Stop Fundamentalism – An Iranian government center organizing the country’s Cyber war, Center for Cyber Warfare, says it has employed 20,000 people to fight the “soft war” for it, reported ISNA state-run news agency Thursday.

“The new organization changes are designed to form taskforce committees to confront cyber threats and crimes and to use opportunities that arise,” said the spokesperson for the force, Mohammad Ali Asoudi to ISNA.

“However”, Asoudi said, “The cyber army has moved from a defensive position into an offensive one thanks to efforts by Bassiji scientists and advancements made possible by them in the soft war field.”  The army “has now transferred the soft war from inside borders to outside the country,” he continued.

A center to combat cyber crime was formed following the 2009 protests and uprising when Iranian weblogists and social network activist managed to organize what was called the twitter revolution, when tens of thousands of Iranian suddenly poured into the streets of Tehran and other cities of Iran chanting down the Iranian regime, the top Ayatollah and its sham elections.

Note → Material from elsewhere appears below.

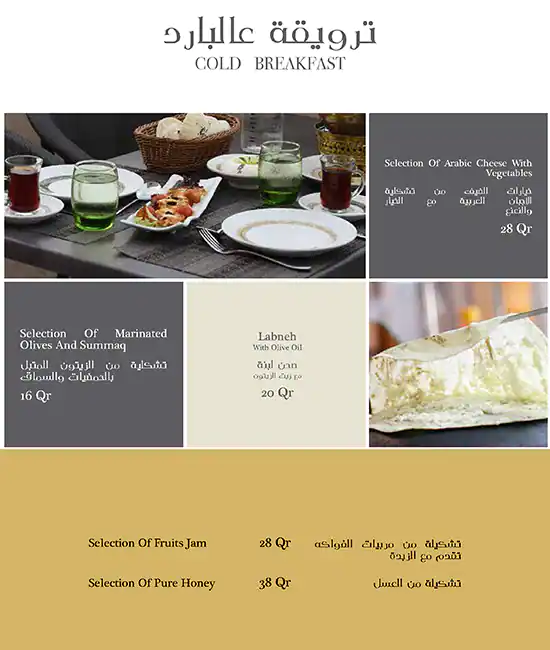 Menu of Layali Aley - ليالي عاليه, Al Gharafa, Doha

But for the most part, Iranian regime’s cyber war worriers will be swarming dissident websites and blogs, leaving comments, and offensive remarks and running propaganda against Iranian opposition inside and outside the country, trying to keep leading dissidents separated from the masses and among themselves.

Iran holds the international record on number of webloggist in the county.  The Iranian regime, however has been tracking down many weblogists, arresting and harassing them. The regime has also been filtering the internet, blocking attempts by the Iranian youths reaching out for information.

Referring to the news of cyber crime center an Iranian weblogist said, “So what?”  She continued, “If you gather 20,000 people, what can you do? Unless you want to disconnect the internet all together.”

“I certainly welcome seeing them enter the scene of discussions and argument,” says another Iranian weblogist, “This way they will soon realize, they have nothing to say.”